Berbagi dengan Anak Yatim

Doa untuk YatimDoa untuk Yatim

Berbagi dengan Anak Yatim

Di antara kehidupan anak-anak yang ceria ketika bermain dengan orang tuanya, sesungguhnya ada kehidupan lain dari anak-anak dengan wajah sedih ketika menatap dunia betapa nikmat saat mereka dicium, digendong, dan dipeluk orang tuanya. Di antara bangunan yang sederhana di panti asuhan, mereka nyaris mengubur harapannya, karena, seakan hanya mimpi saja untuk memenuhi keinginan itu.

Ditinggal orang tua dalam kondisi yatim merupakan kenyataan pahit yang harus diterima oleh anak-anak yang masih belum dewasa. Seandainya saja ibu atau ayahnya sedang bercanda dan membuatnya tertawa, sungguh indah dunia ini, tapi, kepiluan yang menjadi jawabannya. Jumlah mereka setiap tahun terus bertambah. Mereka tidak hanya bermukim di desa-desa, tapi juga di kota-kota besar, di antara jepitan gedung-gedung bertingkat di kota metropolitan. Tak heran perhatian kepada mereka sangat dianjurkan oleh agama. Bahkan dalam QS Al-Mauun ditegaskan bahwa orang yang melupakan anak yatim termasuk dalam golongan pendusta agama.

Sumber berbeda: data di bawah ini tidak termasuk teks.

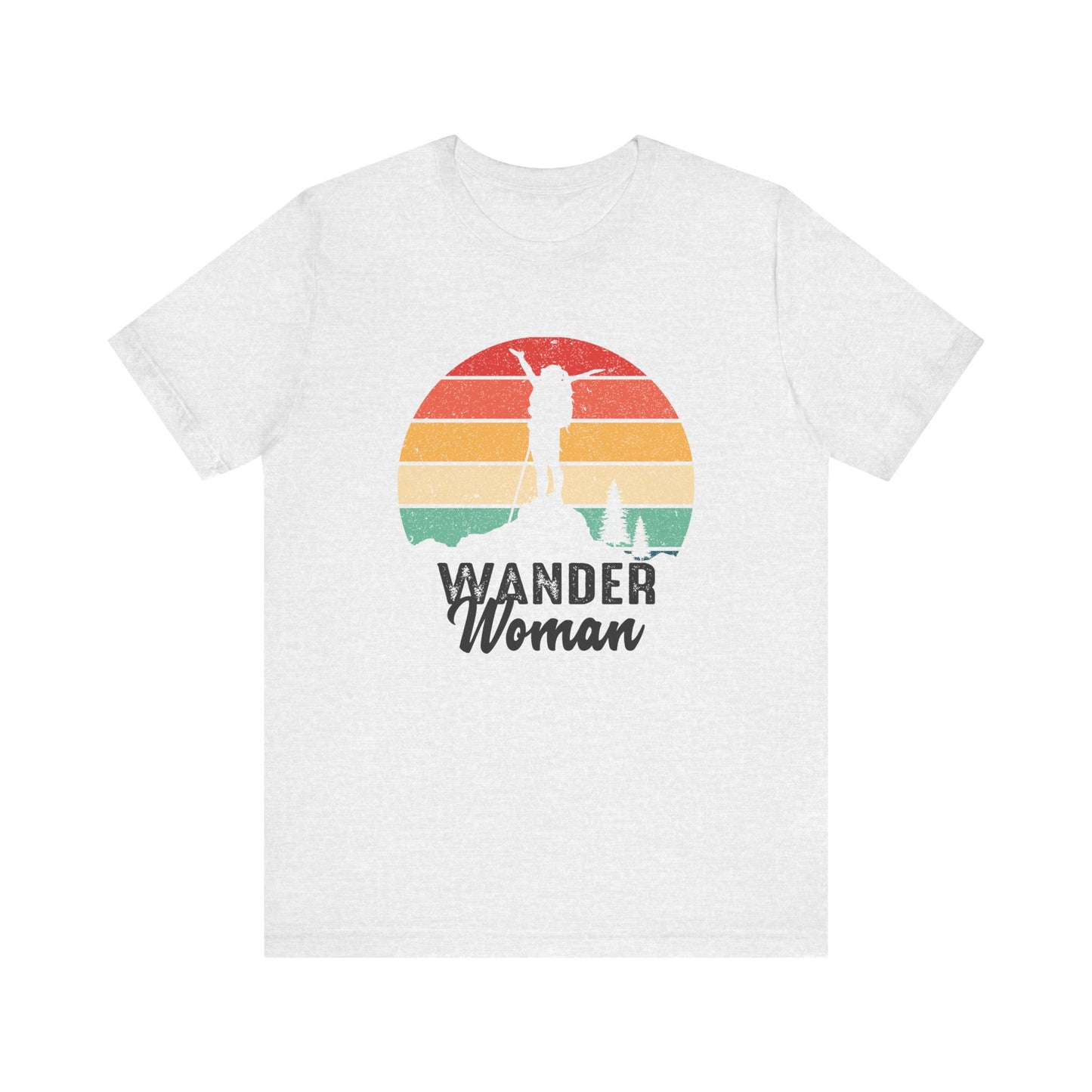 Wander Woman - Men's / Women's T-Shirt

Itulah sebabnya mengapa Nabi Saw. sangat mencintai mereka. Jika saja Nabi masih hidup, pasti Nabi dengan lapang dada akan mengasuhnya, mendidiknya hingga mereka dewasa kelak menjadi orang yang berguna. Nabi Saw. bahkan menjamin umatnya yang menyantuni dan memelihara mereka, kelak akan bersamanya di surga seperti dua jari yang saling berdekatan. (HR Bukhari)

Alhamdulillah, siswa kelas IX SMP Al Falah Deltasari mendapat kesempatan untuk bersilaturahmi mengunjungi anak-anak yang dikasihi nabi tersebut pada tanggal 14 April 2012 di Yayasan An-Nur, Desa Semambung, Gedangan. Karena jarak sekolah dengan panti tidak terlalu jauh, maka hanya butuh perjalanan beberapa menit untuk sampai di lokasi. Kedatangan siswa SMP dan para guru juga disambut ramah oleh pengurus.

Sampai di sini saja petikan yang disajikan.